The typical way to change people’s behavior is to reward or threaten them. Stephen R. Covey called this “the great jackass theory of human motivation — carrot and stick.” The problem with this approach is that it treats people like animals, and it works only on the surface, and only temporarily. They will “work” for a company, but they will never give it their hearts. They will never speak honestly, contribute freely, or do more than is required.
They will never, ever tell you what they really think.
Yes, they will be motivated, all right —motivated to evade responsibility — but they will never be inspired. In today’s workplace, so many workers are afraid, and it shows. They take little initiative, avoid responsibility, keep their thoughts to themselves — and bring as little as possible to the table so they won’t get in trouble. You will never capture people’s hearts by treating them like jackasses — yet that’s how most leaders try to lead.

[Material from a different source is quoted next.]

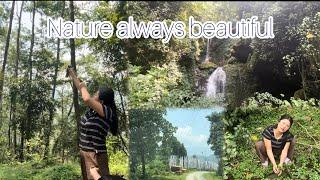 Nature always beautiful // Sunday day out with family in jungle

Similarly, to be “the leader” traditionally means to take the whole enterprise on your back. It’s an exhausting prospect. It’s also terribly ineffective, to say the least. Here you are, surrounded by people with enormous talent, capability, experience, insight, and ingenuity, while you pretend to be the sole source of those things.
We’re still “leading” others as if we were back in an Industrial Age world. To succeed in the Knowledge Worker Age, we must change how we see leadership.
At FranklinCovey, we’ve had thirty years’ experience with hundreds of thousands of people in great companies, schools, and whole departments of government. They come to us to learn how to become highly effective organizations. In our work with clients, we’ve pinpointed two critical shifts that leaders must make to meet the needs of today’s workforce.
Think about leadership in two ways: formal authority that comes with a title, and moral authority that comes with your character. Your first steps to building a winning culture are to adopt the mindset that everyone on your team can lead, and accept that it’s your job to make them leaders.
It’s time for a totally new leadership operating system that frees everyone to lead. It’s entirely possible to create the conditions where everyone can be a leader if you change your paradigm of what a leader is. When you no longer think of leadership as the sole province of a few select people, you realize that all people have primary leadership qualities that can be leveraged. Initiative, resourcefulness, vision, strategic focus, creativity — these qualities are in no way limited to the executive suite.
“You could argue that the main job of leaders is to create other leaders.” – Jack Welch
That’s how Jack Welch saw his job at General Electric: “The challenge,” he said, “is to move the sense of ownership…down through the organization.” This demands that you “show up” and model the culture rather than talk about it in generic terms (or worse yet, “talk at” team members about it).
What does it mean to have a culture where everyone is a leader?
It means that there’s a common leadership operating system, a framework, that everyone in the organization shares. Your devices have an operating system that makes everything else run; without it your devices are just pieces of plastic. In the same way, your work has standard operating procedures, and your organization has a certain way of leading and behaving.
What is your leadership operating system? Does everyone in the organization know how to succeed? How to behave? How to problem-solve and innovate? A consistent operating procedure gives everyone a common language and a set of behaviors they can depend on as they work to achieve results year after year.
A great culture must be leader-led and designed intentionally. You must implement an established framework of behaviors and language that engages and aligns the performance of everyone in the organization. Everyone leads. Everyone knows how to win. Can you imagine if everyone in your organization behaved like a leader? What results would that enable?